With the growing volume of Internet of Things (IoT) network traffic, machine learning (ML)-based anomaly detection is more relevant than ever. Traditional batch learning models face challenges such as high maintenance and poor adaptability to rapid anomaly changes, known as concept drift. In contrast, streaming learning integrates online and incremental learning, enabling seamless updates and concept drift detection to improve robustness.
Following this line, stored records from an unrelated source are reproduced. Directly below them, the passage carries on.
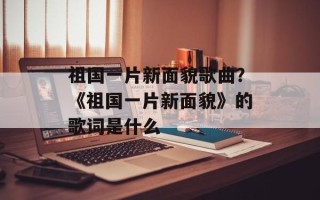 祖国一片新面貌歌曲？《祖国一片新面貌》的歌词是什么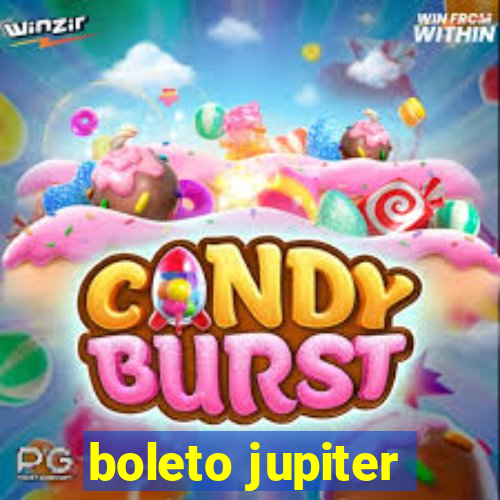 boleto jupiter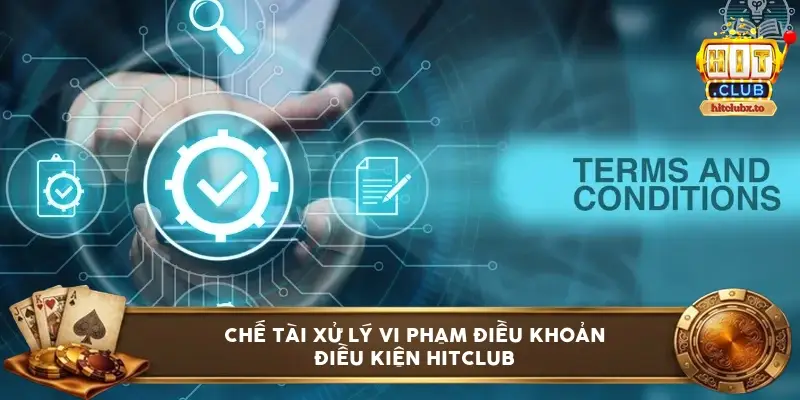 Chế tài xử lý vi phạm điều khoản điều kiện HITCLUB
This study investigates anomaly detection in streaming IoT traffic as binary classification, comparing batch and streaming learning approaches while assessing the limitations of current IoT traffic datasets. We simulated heterogeneous network data streams by carefully mixing existing datasets and streaming the samples one by one. Our results highlight the failure of batch models to handle concept drift, but also reveal persisting limitations of current datasets to expose model limitations due to low traffic heterogeneity. We also investigated the competitiveness of tree-based ML algorithms, well-known in batch anomaly detection, and compared it to non-tree-based ones, confirming the advantages of the former. Adaptive Random Forest achieved F1-score of 0.990 $\pm$ 0.006 at one-third the computational cost of its batch counterpart. Hoeffding Adaptive Tree reached F1-score of 0.910 $\pm$ 0.007, reducing computational cost by four times, making it a viable choice for online applications despite a slight trade-off in stability.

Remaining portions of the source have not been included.